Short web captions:
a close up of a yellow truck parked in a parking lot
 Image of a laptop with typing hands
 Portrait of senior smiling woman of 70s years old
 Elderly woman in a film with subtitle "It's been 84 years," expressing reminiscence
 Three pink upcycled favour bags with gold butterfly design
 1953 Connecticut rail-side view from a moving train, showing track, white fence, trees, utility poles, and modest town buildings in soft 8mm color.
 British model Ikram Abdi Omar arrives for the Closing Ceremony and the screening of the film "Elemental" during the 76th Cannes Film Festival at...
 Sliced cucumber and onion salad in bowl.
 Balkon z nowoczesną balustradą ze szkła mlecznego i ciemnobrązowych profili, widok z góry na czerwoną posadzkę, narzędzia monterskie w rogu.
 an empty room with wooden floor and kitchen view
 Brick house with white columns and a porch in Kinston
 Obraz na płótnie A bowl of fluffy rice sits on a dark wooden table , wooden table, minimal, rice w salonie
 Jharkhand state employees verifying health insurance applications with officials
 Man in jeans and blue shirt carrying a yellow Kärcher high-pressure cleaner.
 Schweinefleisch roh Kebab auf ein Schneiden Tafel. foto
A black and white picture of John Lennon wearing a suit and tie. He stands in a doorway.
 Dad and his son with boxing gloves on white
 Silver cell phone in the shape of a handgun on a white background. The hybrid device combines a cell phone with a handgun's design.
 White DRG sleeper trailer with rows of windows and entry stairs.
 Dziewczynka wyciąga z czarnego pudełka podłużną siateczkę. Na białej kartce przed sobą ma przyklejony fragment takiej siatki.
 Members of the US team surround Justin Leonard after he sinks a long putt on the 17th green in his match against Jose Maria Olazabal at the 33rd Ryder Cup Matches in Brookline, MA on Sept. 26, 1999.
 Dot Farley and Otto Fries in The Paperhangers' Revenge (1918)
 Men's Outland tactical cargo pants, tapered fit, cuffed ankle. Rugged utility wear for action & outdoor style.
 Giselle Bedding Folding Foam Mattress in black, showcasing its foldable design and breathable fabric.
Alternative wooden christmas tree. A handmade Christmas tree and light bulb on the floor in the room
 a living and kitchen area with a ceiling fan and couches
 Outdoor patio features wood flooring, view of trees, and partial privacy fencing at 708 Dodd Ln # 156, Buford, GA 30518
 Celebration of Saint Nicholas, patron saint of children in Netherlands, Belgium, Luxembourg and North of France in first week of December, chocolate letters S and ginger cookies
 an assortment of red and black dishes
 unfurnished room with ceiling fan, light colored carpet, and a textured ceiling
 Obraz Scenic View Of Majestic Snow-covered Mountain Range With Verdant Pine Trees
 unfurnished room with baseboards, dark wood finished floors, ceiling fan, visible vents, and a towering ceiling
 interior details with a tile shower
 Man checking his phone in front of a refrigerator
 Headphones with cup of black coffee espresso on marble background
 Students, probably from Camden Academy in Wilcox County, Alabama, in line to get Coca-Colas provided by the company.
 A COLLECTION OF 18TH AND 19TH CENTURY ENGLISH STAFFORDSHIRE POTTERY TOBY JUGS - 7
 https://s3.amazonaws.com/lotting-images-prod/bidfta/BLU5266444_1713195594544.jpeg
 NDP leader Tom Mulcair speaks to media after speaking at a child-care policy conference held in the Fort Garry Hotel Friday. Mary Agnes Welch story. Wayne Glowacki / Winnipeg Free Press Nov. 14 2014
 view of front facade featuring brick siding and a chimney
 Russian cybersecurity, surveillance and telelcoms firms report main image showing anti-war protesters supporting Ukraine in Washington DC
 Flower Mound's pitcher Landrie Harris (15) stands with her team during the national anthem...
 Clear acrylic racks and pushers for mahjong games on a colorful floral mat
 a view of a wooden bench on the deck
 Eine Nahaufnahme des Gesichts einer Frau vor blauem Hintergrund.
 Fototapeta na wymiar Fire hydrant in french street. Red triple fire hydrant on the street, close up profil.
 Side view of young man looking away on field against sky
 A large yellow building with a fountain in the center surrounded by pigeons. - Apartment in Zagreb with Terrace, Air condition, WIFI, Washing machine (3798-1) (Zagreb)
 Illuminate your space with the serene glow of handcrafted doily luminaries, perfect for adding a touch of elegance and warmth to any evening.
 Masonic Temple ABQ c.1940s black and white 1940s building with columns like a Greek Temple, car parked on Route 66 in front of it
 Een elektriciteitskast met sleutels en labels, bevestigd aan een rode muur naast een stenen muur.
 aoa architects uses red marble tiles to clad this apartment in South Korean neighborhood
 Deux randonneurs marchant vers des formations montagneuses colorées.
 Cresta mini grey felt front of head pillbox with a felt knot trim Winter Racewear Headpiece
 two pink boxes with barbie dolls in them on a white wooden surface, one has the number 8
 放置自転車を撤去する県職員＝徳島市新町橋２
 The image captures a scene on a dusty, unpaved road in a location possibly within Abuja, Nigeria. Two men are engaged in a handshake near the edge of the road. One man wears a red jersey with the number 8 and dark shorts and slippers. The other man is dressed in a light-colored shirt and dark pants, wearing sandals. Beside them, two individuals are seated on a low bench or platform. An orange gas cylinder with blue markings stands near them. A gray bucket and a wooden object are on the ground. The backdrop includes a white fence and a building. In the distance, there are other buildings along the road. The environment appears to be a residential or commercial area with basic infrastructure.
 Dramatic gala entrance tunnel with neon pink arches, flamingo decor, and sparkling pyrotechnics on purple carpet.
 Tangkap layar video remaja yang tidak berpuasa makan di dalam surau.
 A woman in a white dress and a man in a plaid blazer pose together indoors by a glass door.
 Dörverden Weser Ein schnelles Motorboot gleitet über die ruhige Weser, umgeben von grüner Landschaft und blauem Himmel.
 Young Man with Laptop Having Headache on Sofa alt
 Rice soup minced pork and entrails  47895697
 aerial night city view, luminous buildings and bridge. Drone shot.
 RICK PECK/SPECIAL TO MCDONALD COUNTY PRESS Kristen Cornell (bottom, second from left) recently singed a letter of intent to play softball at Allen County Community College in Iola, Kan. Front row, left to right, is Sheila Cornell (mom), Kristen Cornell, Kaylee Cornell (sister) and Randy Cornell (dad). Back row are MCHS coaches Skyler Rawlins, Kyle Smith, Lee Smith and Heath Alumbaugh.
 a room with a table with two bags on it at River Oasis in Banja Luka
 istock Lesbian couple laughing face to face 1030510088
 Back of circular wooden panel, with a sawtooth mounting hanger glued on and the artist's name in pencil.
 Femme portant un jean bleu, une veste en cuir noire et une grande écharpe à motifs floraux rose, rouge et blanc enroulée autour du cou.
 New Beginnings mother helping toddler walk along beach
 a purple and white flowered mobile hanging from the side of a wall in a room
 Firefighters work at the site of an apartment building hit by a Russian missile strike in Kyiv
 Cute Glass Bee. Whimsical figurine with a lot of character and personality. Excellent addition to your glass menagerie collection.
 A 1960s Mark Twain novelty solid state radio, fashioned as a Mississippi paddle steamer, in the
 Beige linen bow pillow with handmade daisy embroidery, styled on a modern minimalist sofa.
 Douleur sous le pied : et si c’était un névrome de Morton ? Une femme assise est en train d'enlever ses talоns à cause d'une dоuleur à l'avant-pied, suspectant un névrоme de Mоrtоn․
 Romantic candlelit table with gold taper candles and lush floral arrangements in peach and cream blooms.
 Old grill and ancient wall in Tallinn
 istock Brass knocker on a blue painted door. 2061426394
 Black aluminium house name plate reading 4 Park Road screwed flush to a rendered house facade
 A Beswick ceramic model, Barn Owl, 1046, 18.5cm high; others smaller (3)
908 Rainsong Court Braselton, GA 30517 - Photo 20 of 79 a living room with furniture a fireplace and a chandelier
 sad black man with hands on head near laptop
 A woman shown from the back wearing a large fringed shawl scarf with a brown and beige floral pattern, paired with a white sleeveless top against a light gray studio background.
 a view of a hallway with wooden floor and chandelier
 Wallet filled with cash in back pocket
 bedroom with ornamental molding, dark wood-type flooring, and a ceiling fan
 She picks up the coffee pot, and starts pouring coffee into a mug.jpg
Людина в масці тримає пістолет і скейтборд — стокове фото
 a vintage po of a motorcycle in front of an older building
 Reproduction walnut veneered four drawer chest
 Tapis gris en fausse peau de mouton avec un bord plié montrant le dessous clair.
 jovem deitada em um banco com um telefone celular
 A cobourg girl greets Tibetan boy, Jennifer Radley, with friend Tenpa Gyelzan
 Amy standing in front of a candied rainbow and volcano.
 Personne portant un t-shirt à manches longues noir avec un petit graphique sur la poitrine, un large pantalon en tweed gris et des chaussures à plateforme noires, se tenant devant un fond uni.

[YOUR GOAL]: Filter the entries down to the lines that hold "table". Copy those lines.

[SOLUTION]:
 Obraz na płótnie A bowl of fluffy rice sits on a dark wooden table , wooden table, minimal, rice w salonie
 a room with a table with two bags on it at River Oasis in Banja Luka
 Romantic candlelit table with gold taper candles and lush floral arrangements in peach and cream blooms.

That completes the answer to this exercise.